• MPC’s decision was influenced by several key factors.
  • Official provides insights into decisions, projected outlooks, etc.
  • He provides comprehensive overview of economic landscape.

 


 

KARACHI: The State Bank of Pakistan (SBP) expects that Pakistan will see a gradual decline in inflation and an improved economic outlook, The News reported Sunday, citing a senior SBP official.

Speaking on a podcast released on Saturday, SBP’s Monetary Policy Department Director Fida Hussain explained that this expectation was the basis of the bank’s decision to keep its policy rate unchanged last month.

The SBP’s Monetary Policy Committee (MPC) during its meeting on July 31, had decided to maintain the policy rate at 22%.

“The MPC’s decision was influenced by several key factors. First, the anticipated gradual decline in inflation throughout the fiscal year 2024.

“Second, the positive trajectory of Pakistan’s economy, attributed to improved investor confidence due to recent developments,” Hussain said.

The podcast provides insights into the factors leading to the decision, the projected economic outlook, and the impact of various recent developments.

The latest MPC decision marked the first policy announcement after Pakistan and the International Monetary Fund (IMF) recently agreed upon a Stand-By Arrangement (SBA).

The discussion delved into the changes that have taken place since the last monetary policy announcement in June 2023.

These changes encompass crucial aspects such as the SBA agreement, the federal budget for 2023-2024, stability in global commodity and petroleum prices, and signs of stability in the global economy, it was said in the podcast.

The agreement with the IMF has led to improved market sentiments and a significant enhancement of the foreign exchange reserves of the country. Despite nominal volatility in global commodity prices, the stabilising trend indicates a positive economic atmosphere.

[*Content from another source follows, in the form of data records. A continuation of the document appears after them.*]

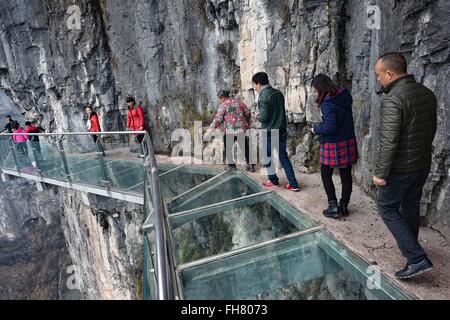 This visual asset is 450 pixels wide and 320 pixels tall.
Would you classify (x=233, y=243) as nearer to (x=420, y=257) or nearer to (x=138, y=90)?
(x=420, y=257)

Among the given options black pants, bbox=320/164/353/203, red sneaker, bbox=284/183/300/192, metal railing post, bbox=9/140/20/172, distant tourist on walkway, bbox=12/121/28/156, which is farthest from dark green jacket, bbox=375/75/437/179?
metal railing post, bbox=9/140/20/172

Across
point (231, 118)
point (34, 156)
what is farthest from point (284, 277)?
point (34, 156)

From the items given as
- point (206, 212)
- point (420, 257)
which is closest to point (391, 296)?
point (420, 257)

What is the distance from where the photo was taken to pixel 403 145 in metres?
2.67

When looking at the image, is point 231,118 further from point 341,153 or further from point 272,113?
point 341,153

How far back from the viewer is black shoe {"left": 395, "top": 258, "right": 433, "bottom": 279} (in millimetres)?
2697

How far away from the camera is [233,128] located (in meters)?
6.10

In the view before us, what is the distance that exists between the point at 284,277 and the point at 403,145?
166 cm

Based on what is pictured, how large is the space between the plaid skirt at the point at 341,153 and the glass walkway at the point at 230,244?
2.87ft

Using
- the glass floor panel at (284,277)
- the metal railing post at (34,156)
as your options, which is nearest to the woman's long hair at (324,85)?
the glass floor panel at (284,277)

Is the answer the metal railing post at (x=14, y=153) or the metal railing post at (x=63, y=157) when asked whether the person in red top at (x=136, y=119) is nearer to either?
the metal railing post at (x=63, y=157)

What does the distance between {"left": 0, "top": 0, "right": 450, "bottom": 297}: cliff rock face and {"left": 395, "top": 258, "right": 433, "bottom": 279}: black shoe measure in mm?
1086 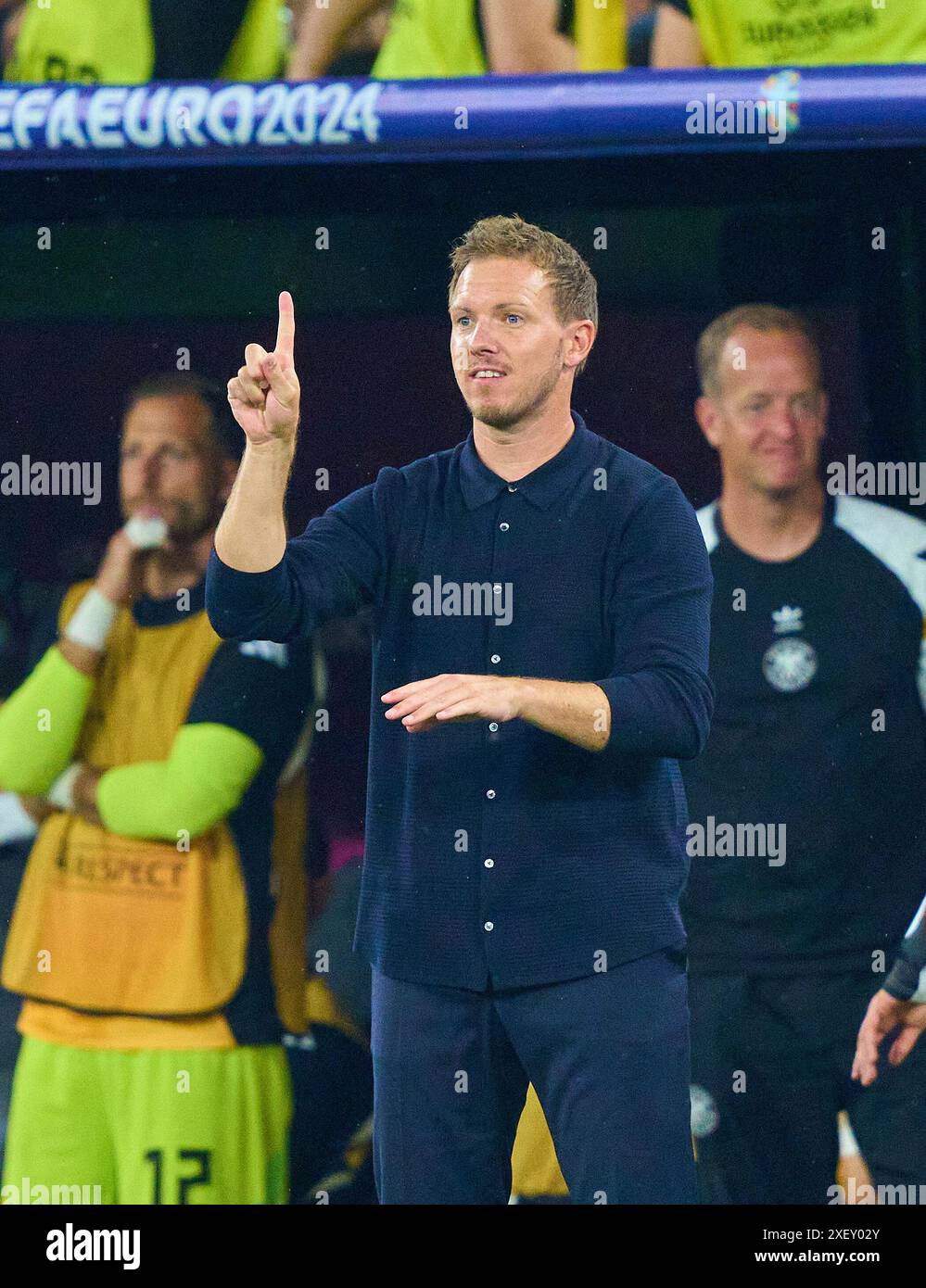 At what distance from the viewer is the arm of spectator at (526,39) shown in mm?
3602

Moreover, business and consumer inflation expectations are on a downward trajectory, aligning with the MPC’s outlook, according to Hussain.

The conversation also addressed concerns related to recent price adjustments in key sectors such as petroleum, electricity, and upcoming gas price hikes. Hussain explained that these adjustments have been factored into the MPC’s decision-making process, with specific considerations about their impact on inflation.

The podcast highlighted the removal of import restrictions and its potential effects on the exchange rate and inflation.

The discussion emphasised how the current high policy rate of 22% has subdued domestic demand, thereby minimising the potential pressure on the foreign exchange rate due to the removal of import restrictions.

The podcast concluded by explaining the concept of real interest rates and their impact on economic behavior. Positive real interest rates incentivise saving and discourage borrowing, ultimately leading to lower consumption and controlled inflation.

The episode offers an insightful assessment of the reasoning behind the latest monetary policy decision, considering various domestic and global factors.

It provides a comprehensive overview of the economic landscape in Pakistan, making it an important conversation for those seeking to understand the country’s monetary policy approach and economic trajectory.